Targeting millennials is also a factor with potential economic impact.
“We know millennials look at three major components when they consider where to go,” she explained. “One of the top three components they look at is if there is public transit and transportation options available. We think this could play a major role in keeping our educated, talented workforce here because they will have that option.”
Three possible routes have been proposed, with the variations occurring between Lansing and Detroit.
Additional stops could occur in Jackson, Howell, Ann Arbor and Pontiac. All three routes include stops in Wayne and Dearborn.
Treutel said although the study proposes three routes, additional options may be considered in future studies if the project moves forward.
“This is the exploratory study, and we decided to narrow it down to these three routes,” she said.
She noted the routes that have been selected all have existing rail infrastructure, which is important to the final cost of the project, which has yet to be determined.
“They are mostly owned by private railroad companies,” she said.
A consultant was hired recently to inspect the infrastructure.
“He was pleasantly surprised that the quality is pretty good,” Treutel said.

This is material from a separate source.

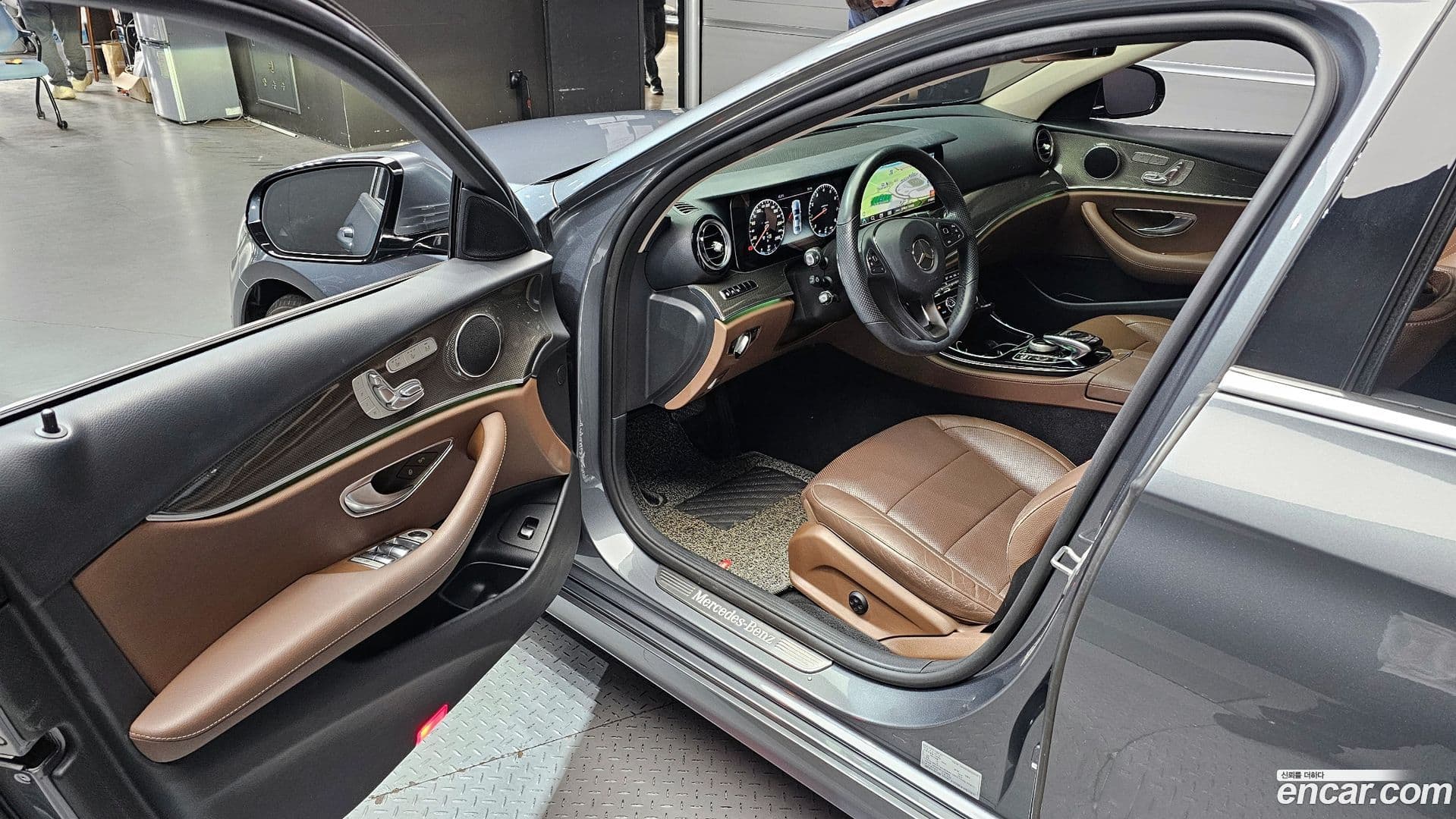 Main__Slider__Photo:E-Class Mercedes-Benz 2017.7-9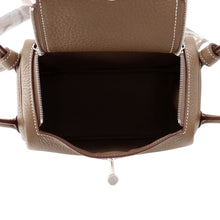 Load image into Gallery viewer, HERMES Lindy Etoupe Taurillon Clemence Size Mini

“Freight traffic currently runs on these lines, and there is a lower standard of quality for freight rail versus passenger rail, so some of the quality will have to be upgraded if this moves forward.”
So far there has been a lot of support for reviving coast-to-coast rail service, according to Treutel. She noted it will be important to determine if the study finds the cost and ridership components support the project.
She said the timeline is dependent on a number of factors, but right now seven to 10 years is a realistic number.
“The political will to move this concept forward is going to be huge in whether or not this moves forward — and, if it does, in how fast it moves,” she said.
She said so far local and state government leaders have shown support for the project.